Ведь и там смерть, и здесь смерть… Там — смерть человека, индивидуума; здесь — смерть цивилизации, общества, фазиса культуры и истории.

«Люблю видеть, как человек умирает. Жутко, страшно. А так хочется заглянуть».

Чувство медика. В особенности больного медика. Может быть, что-нибудь объяснит в этом вкусе Чехова та прибавка к рассказу, какую я выслушал, когда все продолжал удивляться:

«В этом отношении был похож на Чехова еще один наш писатель».

И рассказчик назвал одно из аристократических имен литературы: не то гр.
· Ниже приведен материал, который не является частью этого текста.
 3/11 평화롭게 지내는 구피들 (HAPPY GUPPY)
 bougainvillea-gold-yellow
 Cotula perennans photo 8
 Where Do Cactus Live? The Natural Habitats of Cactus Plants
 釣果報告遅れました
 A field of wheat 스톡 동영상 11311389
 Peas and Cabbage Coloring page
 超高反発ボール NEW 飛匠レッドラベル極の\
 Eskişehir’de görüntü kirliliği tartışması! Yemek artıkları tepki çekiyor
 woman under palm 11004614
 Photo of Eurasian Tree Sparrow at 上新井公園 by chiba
Алексея Толстого, или Сологуба, или Плещеева. Во всяком случае писателя без малейшей порнографии.

— Он любил целые вечера просиживать в зале таких домов. «Я полузакрою глаза. Несется ихняя музыка. Танцуют. Пары уходят и возвращаются. Все как следует. И я переношусь в прошлое и воображаю, что сижу на вице-губернаторском балу».

Я передаю сообщение буква в букву. Пусть разбирается читатель в том, в чем я не умею разобраться.
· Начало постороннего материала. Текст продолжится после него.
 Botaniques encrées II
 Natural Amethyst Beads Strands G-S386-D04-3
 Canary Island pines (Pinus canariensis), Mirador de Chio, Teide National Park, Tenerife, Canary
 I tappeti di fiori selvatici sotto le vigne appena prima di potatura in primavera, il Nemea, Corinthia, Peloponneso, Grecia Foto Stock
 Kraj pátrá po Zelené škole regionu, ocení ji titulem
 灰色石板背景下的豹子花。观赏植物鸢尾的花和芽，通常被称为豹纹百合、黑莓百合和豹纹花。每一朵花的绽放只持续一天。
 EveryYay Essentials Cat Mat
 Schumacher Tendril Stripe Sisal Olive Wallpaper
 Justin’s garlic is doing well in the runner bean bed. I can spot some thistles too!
Но почему-то именно в Чехове мне нравится это слияние… «Тут есть что-то чеховское», — от этого впечатления не отвяжешься.

— Кладбище. Могилы, эпитафии…

— И зала с музыкой. Барышни в розовом* удаляющиеся с кавалерами…

И он грезит. Он, Чехов…

— А что мне Колизей? Мертвечина. Декорация прошлого — и черт с нею. Я живой человек, и мне не долго жить, я болен, но я ни минуты не отдам на этот раззолоченный славою Колизей, ни на св. Петра с его пилигримами. А пойду-ка я лучше в дом… и увижу настоящее, живое, трепещущее и руками медика пощупаю ребра у больных, у падающих, у искалеченных и, однако же, все-таки лучших и прекраснейших по присутствию в них жизни и действительности, нежели сто Колизеев, вместе сложенных. Черт с ними… Вы — обыкновенные, и вам надо смотреть Колизей, чтобы из надуманной души вытащить несколько надуманных же ощущеньиц, а я — особая стать, Чехов, и вот пойду в б…
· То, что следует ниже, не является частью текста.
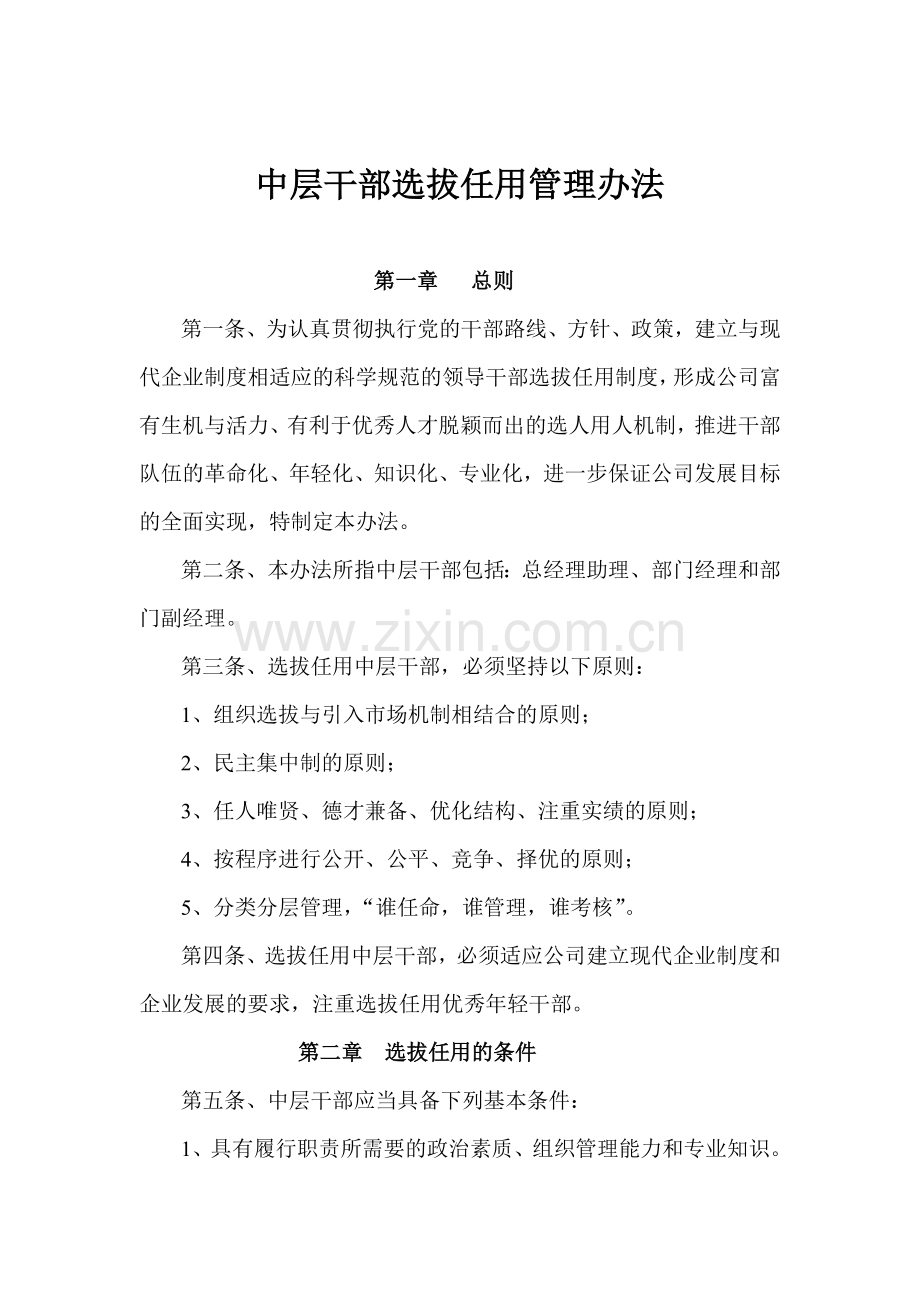 中层干部选拔任用管理办法.doc_第1页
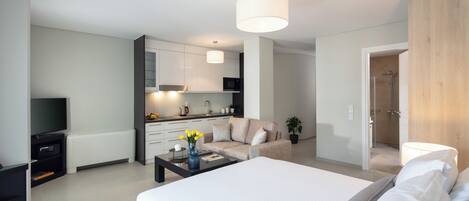 Standard Apartment, Balcony, City View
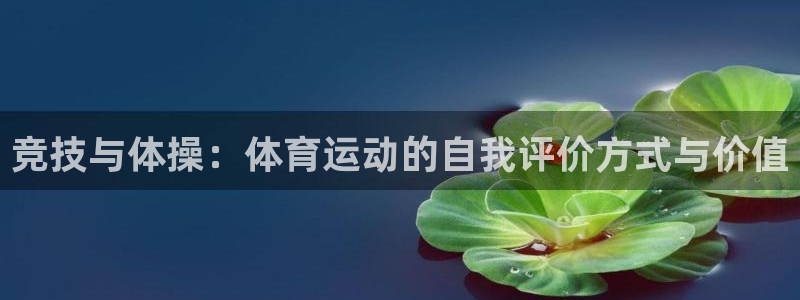竞技宝属于：竞技与体操：体育运动的自我评价方式与价值
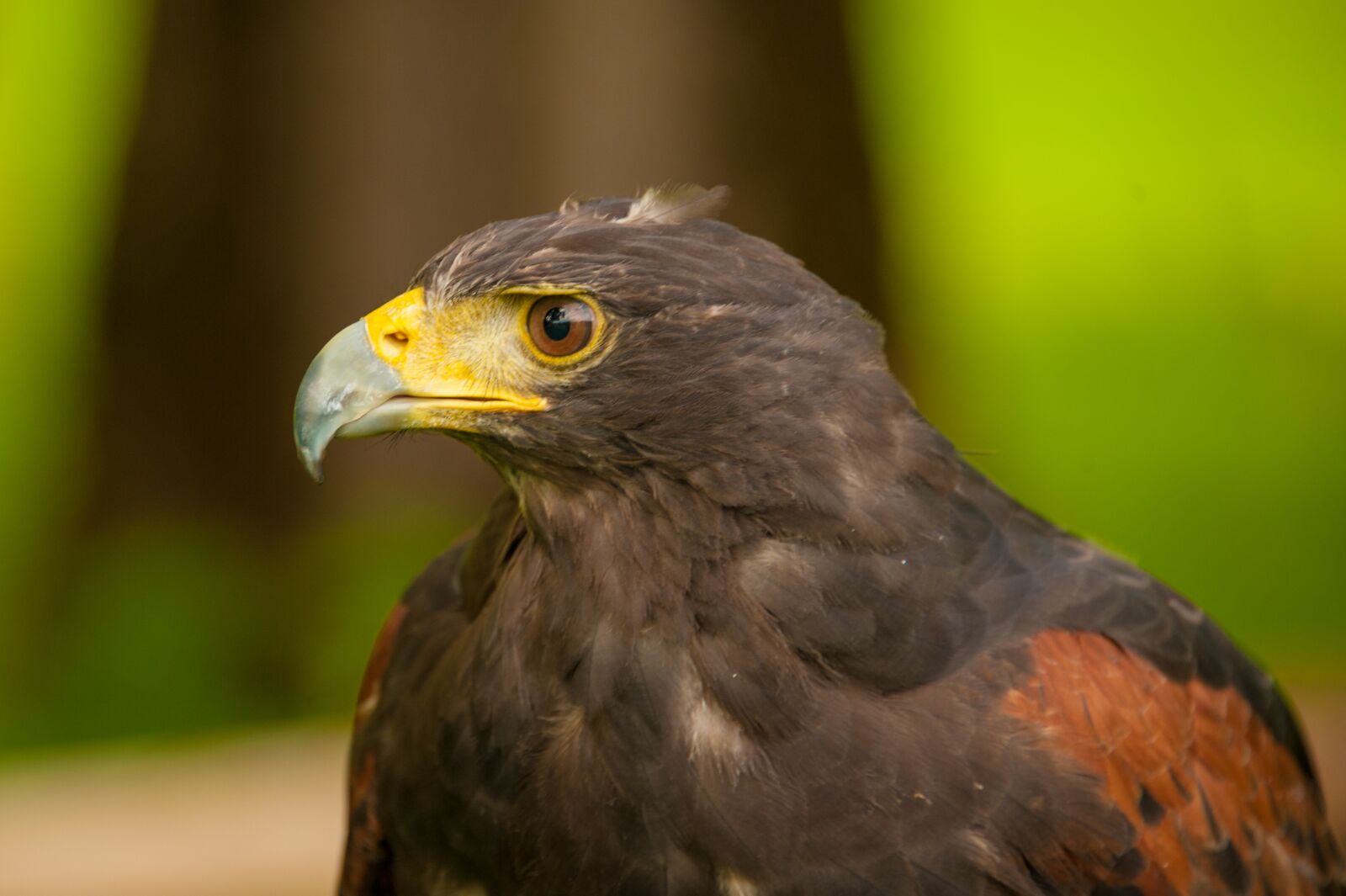 Nikon D700 sample photo. Raptor, steyrling, fountain valley photography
Что-то в этом роде, должно быть, шевелилось у него.

* * *

Когда я читал его «Баб», то сухим, деловым глазом исследователя вопроса видел, что этот очерк-рассказ должен быть введен целиком в «Историю русской семьи», в «Историю русского быта», «В историю русской женщины». Но особенно — в первую. Только одна вялость русской души, выросшей между кладбищем и б…, сделала то, что никто не застонал над рассказом, никто не выбежал на улицу и не закричал и вообще не совершил того скандала, после которого уже нельзя прятать шило в карман. «Мы не жиды и дела Дрейфуса не подымем». Собственно, начальство на это и рассчитывает: «Русские — паиньки» даже в случае несчастья пропустят в горло лишнюю рюмочку и уснут обломовским сном, без сновидений и привидений». У нас «какая леди Макбет», — сто человек зарежут и только потребуют кусок брокаровского мыла. Нет, в самом деле, ну, только одного человека, всего ведь одного, и даже буржуа, богатенького, без особенных улик обвинили в измене и сослали на ихний остров Сахалин, — начался «гвалт», сто, тысяча голосов закричали во Франции, а затем заставили кричать и во всей Европе, наконец в целом свете; кричали четыре года и заставили вернуть с Сахалина… одного человека, всего только одного! Это отдает песками Аравии, солнцем Сирии, «Книгой Иова», авторов этой книги, коллективных, народных. «Око за око»… У нас хоть ломай всем руки и ноги, никто у тебя за это подушки из-под головы не выдернет, никто из шевелюры волоса не вынет. 1) «Обязаны просить», 2) «Во всяком человеке есть искра Божия, в том числе и у ломающего руки и ноги», 3) «Ведь уже все прошло, ноги-то и руки поломаны, ничего не воротишь, — зачем же чужую шевелюру портить» и 4) и фундаментальное: «А какое нам до всего этого дело? Мы пьем чай из хорошеньких чашечек, которые в случае дела Дрейфуса могут и разбиться». Наши «Рюрики, Синеусы и Труворы» это хорошо знают и как о Сахалине, так и о Шлиссельбурге полагают, что русский человек никак из-за этого не поднимет фактической истории. «Напишет горячую статью в журнал, но затем — все успокоится».